It seems that the most logical and commonsensical movies these days are those directed at children. Increasingly, moreover, kids' films are also among the most insightful into social realities. The Incredibles, for example, comically places litigiousness and a concern for individual responsibility at the center of its story. Sky High observes how the American education system suppresses children's natural creativity and ambition. The two Shrek films are full of satirical jabs at modern society.
It should be little surprise, then, that the new film Hoodwinked, based on the fairy tale of Little Red Riding Hood, actually deals with issues such as intellectual property and piracy. In this cheeky version of the story, Granny has a snack-food empire that is threatened by an unknown intellectual-property thief who has been stealing recipes from businesses all around the forest. Beginning with an incident at Granny's house—where Red is menaced by the Wolf, disguised as Granny, when the lumberjack bursts in and all are carted off to the police station so that the authorities can set things straight—the film moves on to a Rashomon-style investingation in which each of the various characters involved in the central events gives their version of the story.
Comical allusions abound in the subsequent flashbacks that look at the central events and place them in context, as is appropriate for a film dealing with intellectual property theft. We see references to Star Wars movies, Indiana Jones, James Bond, Bruce Lee, Jet Li, Jackie Chan, Mission Impossible, The Matrix (all too inevitably, alas), and much more.

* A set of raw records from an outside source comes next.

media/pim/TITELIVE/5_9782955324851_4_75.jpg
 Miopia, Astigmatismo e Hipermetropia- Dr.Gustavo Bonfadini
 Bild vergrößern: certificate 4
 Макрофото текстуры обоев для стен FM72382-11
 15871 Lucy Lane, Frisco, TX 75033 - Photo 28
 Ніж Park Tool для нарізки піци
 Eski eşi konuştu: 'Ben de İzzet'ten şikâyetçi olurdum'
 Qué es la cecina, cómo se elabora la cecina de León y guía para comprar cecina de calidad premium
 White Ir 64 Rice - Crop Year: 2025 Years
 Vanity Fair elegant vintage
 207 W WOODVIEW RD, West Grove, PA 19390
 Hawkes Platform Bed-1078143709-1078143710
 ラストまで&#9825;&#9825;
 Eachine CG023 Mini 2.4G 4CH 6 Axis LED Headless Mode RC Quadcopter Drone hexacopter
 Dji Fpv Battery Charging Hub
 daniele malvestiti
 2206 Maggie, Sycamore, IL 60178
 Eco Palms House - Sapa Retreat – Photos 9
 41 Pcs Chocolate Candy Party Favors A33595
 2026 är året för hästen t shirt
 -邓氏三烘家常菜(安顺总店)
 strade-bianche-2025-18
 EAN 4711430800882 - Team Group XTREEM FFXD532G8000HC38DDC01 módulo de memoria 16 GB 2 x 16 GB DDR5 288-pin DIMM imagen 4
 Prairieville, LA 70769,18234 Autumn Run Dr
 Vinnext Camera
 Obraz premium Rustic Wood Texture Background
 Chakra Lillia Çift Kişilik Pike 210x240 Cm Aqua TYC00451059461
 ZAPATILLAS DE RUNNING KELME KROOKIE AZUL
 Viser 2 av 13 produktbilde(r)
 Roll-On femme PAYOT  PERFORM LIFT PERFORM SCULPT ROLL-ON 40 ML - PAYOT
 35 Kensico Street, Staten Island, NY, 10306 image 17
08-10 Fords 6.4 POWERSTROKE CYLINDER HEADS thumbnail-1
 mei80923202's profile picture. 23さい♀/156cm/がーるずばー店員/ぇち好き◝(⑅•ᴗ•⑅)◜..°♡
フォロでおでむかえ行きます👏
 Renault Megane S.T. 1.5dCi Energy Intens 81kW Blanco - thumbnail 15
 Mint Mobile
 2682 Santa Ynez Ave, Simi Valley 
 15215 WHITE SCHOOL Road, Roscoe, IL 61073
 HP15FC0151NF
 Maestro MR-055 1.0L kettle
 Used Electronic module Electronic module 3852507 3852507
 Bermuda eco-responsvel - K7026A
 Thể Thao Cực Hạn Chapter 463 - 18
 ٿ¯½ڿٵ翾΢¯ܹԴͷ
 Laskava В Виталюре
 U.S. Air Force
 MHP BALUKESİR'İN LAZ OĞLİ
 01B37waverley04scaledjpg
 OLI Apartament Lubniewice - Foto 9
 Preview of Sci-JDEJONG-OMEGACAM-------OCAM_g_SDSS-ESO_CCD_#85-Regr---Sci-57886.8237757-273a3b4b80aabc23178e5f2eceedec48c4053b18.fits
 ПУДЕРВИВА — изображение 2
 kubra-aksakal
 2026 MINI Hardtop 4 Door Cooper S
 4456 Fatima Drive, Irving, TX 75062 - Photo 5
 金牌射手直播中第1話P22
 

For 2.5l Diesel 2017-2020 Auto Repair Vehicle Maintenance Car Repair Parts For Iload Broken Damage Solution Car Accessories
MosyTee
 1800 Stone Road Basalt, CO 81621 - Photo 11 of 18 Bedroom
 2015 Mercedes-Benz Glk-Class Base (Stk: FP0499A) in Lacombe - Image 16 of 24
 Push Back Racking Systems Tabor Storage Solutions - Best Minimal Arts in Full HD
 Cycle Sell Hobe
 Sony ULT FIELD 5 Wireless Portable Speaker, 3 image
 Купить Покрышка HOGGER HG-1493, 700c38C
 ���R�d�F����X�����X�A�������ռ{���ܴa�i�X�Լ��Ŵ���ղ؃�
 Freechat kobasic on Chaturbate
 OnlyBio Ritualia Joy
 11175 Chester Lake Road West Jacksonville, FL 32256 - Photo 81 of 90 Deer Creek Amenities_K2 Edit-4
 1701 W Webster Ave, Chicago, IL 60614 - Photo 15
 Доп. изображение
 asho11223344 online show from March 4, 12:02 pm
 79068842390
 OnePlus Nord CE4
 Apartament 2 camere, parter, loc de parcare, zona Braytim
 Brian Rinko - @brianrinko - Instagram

The use of a Rashomon-style narrative form, however, does not induce any doubts about the human search for truth, as it does in Kurosawa's film. The makers of Hoodwinked treat the central story as a puzzle-style mystery, with the investigation being led by a suave detective, a long-legged frog named Nick Flippers, based on Nick Charles of the Thin Man novel and movies. As a result, the effect of the film is exactly opposite that of Rashomon, for in Hoodwinked everything has a cause and it is indeed possible for humans to know the truth.
Naturally, everything turns out well at the end. The thief is identified and taken into custody, Granny has been revealed as a swinging elderly babe, Red is given a chance to throw off the chains of her all-work-and-no-play lifestyle, and the forest's economy is able to get back to normal. On the whole, an interesting and surprisingly mature treatment of the issues.
Would that we could say the same about movies aimed at adults these days. For those who are sick of watching sensitive men moon over distant, emotionally disturbed women, or hikers tortured and killed by strangers in the wilderness, or young adults out on benders and venery hunts, or modern-day cowboys whose love dare not speak its name, or tendentious dramas about the evils of corporate America, or repressed individuals who throw off the shackles of conventionality and learn to follow their impulses—or much of the rest of the wonderfully mature and sophisticated movie fare of our time—today's movies aimed toward children may be just the thing.
Judging by their output, it appears that today's Hollywood believes that true maturity, intelligence, and decency are kids' stuff. Apparently they have studied their Jean Jacques Rousseau well but not wisely.
5 comments:
I liked the dig at the gratuitous "let's torture teenagers" genre that appears to have taken over horror films. Those films are even more blatant than The Passion in raising the question "When does violence stop having legitimate artistic intent and simply become pornographic?"
Along these lines, Turner Classic Movies is running a series of Hayao Miyazaki films every Thursday evening this month. The past couple of weeks have been devoted to the films that have already been widely distributed in the US and which you've probably already seen if you're interested in this sort of thing (Spirited Away, Princess Mononoke, Castle in the Sky, Nausicaa) but tonight and next week they're showing some more obscure ones, including my most loved Miyazaki film, My Neighbor Totoro. It is charming, innocent, and beautiful, completely lacking the darkness that creeps into his later films, particularly Mononoke. Porco Rosso, the second film tonight, is little known here and also an interesting film. The third, Whisper of the Heart, I have never seen. I find it interesting that it's being shown after *my* bedtime, much less my children's. I suppose TCM assumes the entire country is TIVOed by now.
Kathy, you just scored huge points. Princess Mononoke and Spirited Away (stolen by my friend's crazy ex-wife during the divorce - darn you, Molly!) occupied places of pride in my DVD collection.
S.T., How young could kids be and still enjoy Hoodwinked? Would my three and a half year old like it?
I should think a three-year-old could enjoy it as much as they would any other film. There's a lot of goofy action and not too much talk. Plus, when are dialogue-driven scenes, the talk is being done by frogs, wolves, badgers, etc., which ought to make it fun for a young un.